Enfin, les banques centrales de Suède et de Norvège n’hésitent pas à s’affranchir de la BCE et font preuve de pragmatisme pour disposer d’une plus grande marge de manœuvre. Ainsi, pour faire face à une inflation importante du fait de l’évolution du prix du pétrole et du gaz, la banque centrale norvégienne a déjà remonté deux fois son taux directeur, qui s’établit actuellement à 0,5 % et qui devrait atteindre 1 à 1,5 % en fin d’année.
Dernier point à souligner : la notation ESG des indices nordiques est meilleure que celle des indices de la zone euro, les entreprises du nord de l’Europe tendant à être particulièrement vertueuses, notamment sur les critères environnementaux et sociaux.
Le fonds FF – Nordic Fund, que vous gérez depuis plus de dix ans, se distingue par son approche value. Le retour en grâce de ce style de gestion devrait donc lui être favorable…

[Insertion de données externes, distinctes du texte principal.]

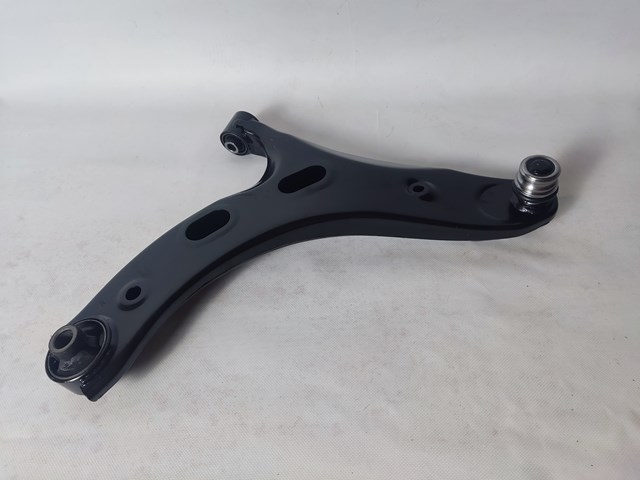 72X238K Polcar Brazo inferior derecho de la suspensión delantera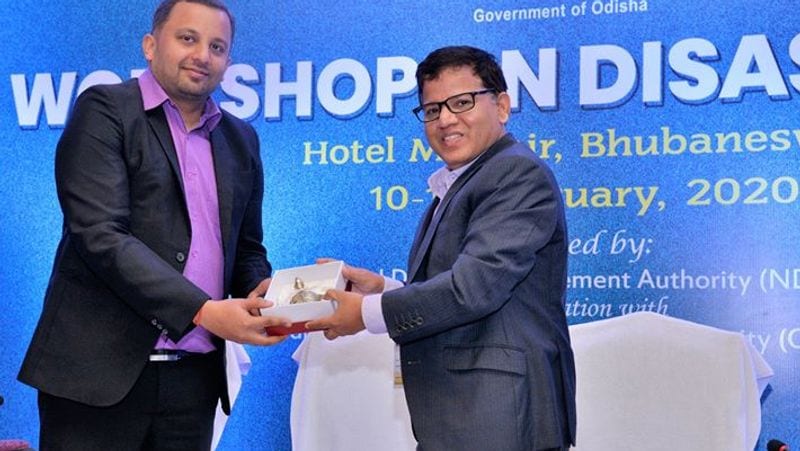 IAS officer Nikunj Dhal joins duty within 24 hours after father's death in Bhuvneshwar kps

Notre approche consiste effectivement à aller chercher les valeurs « mal-aimées » et peu chères. Ce style de gestion a été complètement délaissé au cours des dernières années, la baisse continue des taux d’intérêt ayant à l’inverse été très favorable pour les valeurs de croissance. Ces dernières sont en effet valorisées par l’actualisation de leurs cash-flows futurs ; plus le taux d’intérêt est faible, plus la valeur actualisée est élevée.
Or, il semblerait que l’on se trouve aujourd’hui à un point d’inflexion, en raison du retour de l’inflation. Chez Fidelity, nous considérons qu’il s’agit là d’un phénomène durable pour différentes raisons. Les pénuries de composants observées dans certains secteurs, comme l’automobile, pourraient mettre plus longtemps que prévu à se résorber, le retour à la normale n’intervenant pas avant 2023. Par ailleurs, la transition énergétique a un impact inflationniste important. Enfin, compte tenu de la pénurie de main-d’œuvre, les salaires pourraient augmenter. De quoi amener les banques centrales mondiales à relever leurs taux. Nous estimons d’ailleurs que le taux américain à 10 ans devrait atteindre 2 % en fin d’année, pour une inflation comprise entre 2,5 % et 3 %. Cet environnement devrait favoriser la rotation sectorielle de la croissance vers des profils « value ».
Le fonds FF – Nordic Fund est fortement surpondéré sur trois secteurs dont les ratios de valorisation sont actuellement bas mais qui ont historiquement bénéficié de la hausse des taux longs américains. Il s’agit de la finance, de l’énergie et des matières premières. Le fait d’être positionné sur ces deux derniers secteurs permet par ailleurs de jouer la thématique de la transition énergétique, à travers les groupes qui produisent déjà de manière propre (comme par exemple le Norvégien Norsk Hydro dans le domaine de l’aluminium) et à travers ceux qui s’engagent à réduire leurs émissions de gaz à effet de serre.
Le fonds pourrait-il également bénéficier d’un effet devises favorable ?
La couronne suédoise et la couronne norvégienne font traditionnellement figure de devises protectrices en cas de stress économique et politique, tout comme le franc suisse, et elles s’apprécient donc fortement dans ces périodes. De manière étonnante compte tenu de la vigueur de la croissance économique dans ces deux pays, cela ne s’est pas produit au cours des dernières années. Néanmoins, on observe depuis quelques mois une amorce de rattrapage, qui devrait selon nous se poursuivre.
Le fonds FF – Nordic Fund, dans lequel nous ne mettons pas en place de couverture de change, pourrait donc tirer parti de ce mouvement.